What’s A Geek welcomes guest contributors who are game to discuss geek topics. Our writer this week goes into his initial impressions of Netflix’s newest contribution to the Marvel Universe – “Iron Fist”.

This article is part two of a series. Read part one here.

Warning: This mentions spoilers for the first half of the series. If you haven’t seen it, you might want to skip this part.


In my last post, I put forward three points that I felt would address the issues in Netflix’s Iron Fist:

1. No badly executed, semi-amnesiac angle, please. Scott Buck’s preference for a slow-reveal mystery angle has only served emphasize Netflix’s awful pacing issue.

2. Embrace the comic mythos completely. Adapt it in a manner which is friendly to both old readers and new viewers alike. There is enough source material (over 40 year’s worth, in fact) to refer to. Crafting Danny’s introduction to the shared universe shouldn’t have been that hard. And finally;

3. Actually keep the core of the stories and character intact (Read: Don’t Do A Bendis.) Respect decades of hard work from other writers. I don’t see either of that in the first 7 episodes.

Now that we’ve established those points, here’s how (I feel) Netflix could have made “Marvel’s Iron Fist” work:

The Opening Act.

As a good friend once said: How the hell do you screw up how cool a guy fighting a dragon is?

Contrary to the “film/series critic” view on how superhero films are better when they don’t follow the comics, Marvel’s Iron Fist IS a superhero adaptation. It is meant to be speculative fiction – particularly of the fantasy epic kind. The pilot episode should have followed the formula applied to Daredevil and the Marvel Cinematic Universe: throw people into the thick of it right away so they get to know who the hero is, before throttling down into narrative.

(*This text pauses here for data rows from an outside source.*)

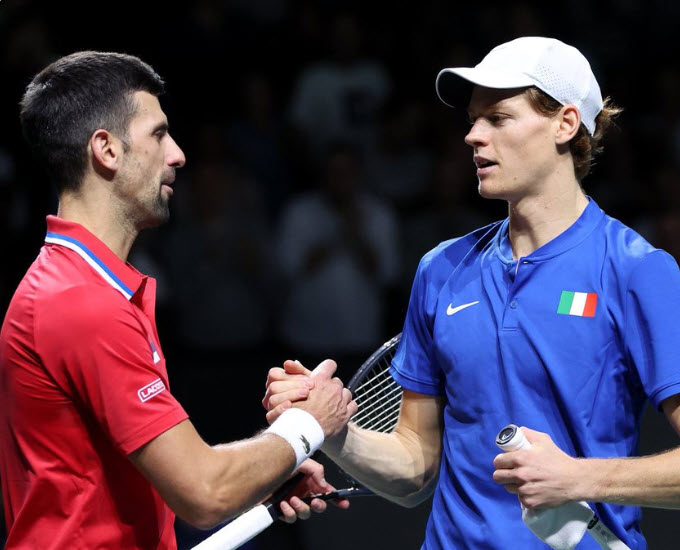 Australian Open Semifinal Prediction: Novak Djokovic vs Jannik Sinner -  Last Word On Tennis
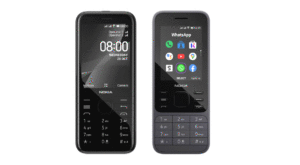 Nokia 6300 4G and Nokia 8000 4G GIF (2)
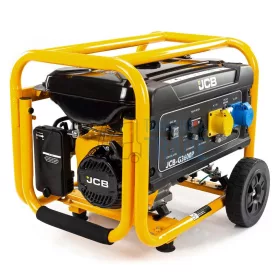  JCB G3600P AVR áramfejlesztő 3,6KW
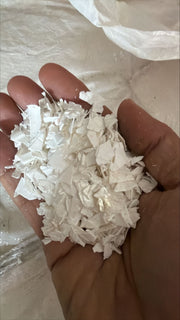 HDPE Pill Bottles Regrind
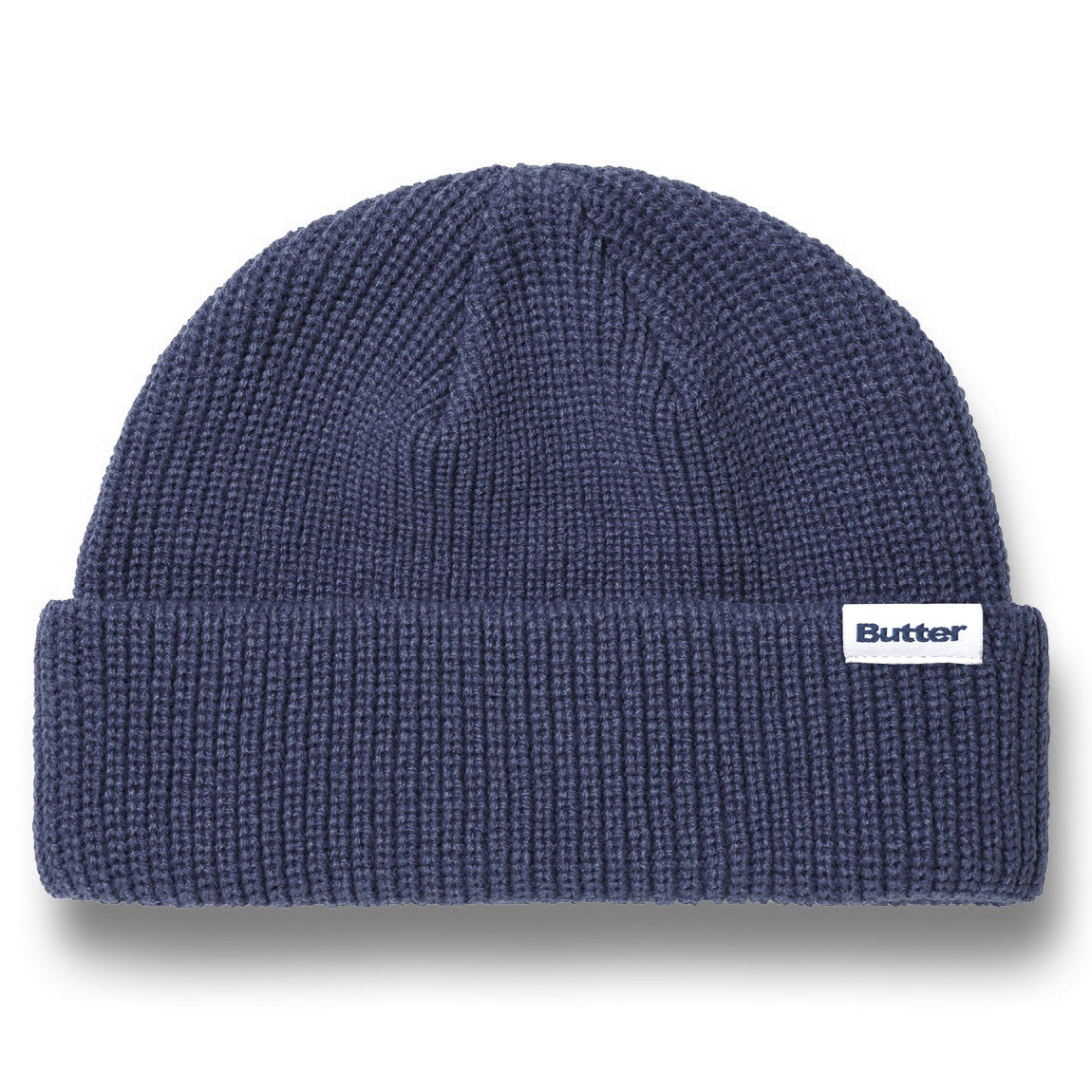 Butter Goods Wharfie Beanie Slate Q124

Overall feedback on the series has been confusion over who Danny Rand – the Iron Fist – is supposed to be.

To paraphrase the words of another friend: “While I knew Daredevil was the blind lawyer with extra-sensory capabilities, Jessica Jones was the physically augmented, alcoholic private investigator, and Luke Cage was the bulletproof man of muscle; all I saw was a barefoot, amnesiac hobo claiming to be some great martial artist while being called crazy be everybody else.”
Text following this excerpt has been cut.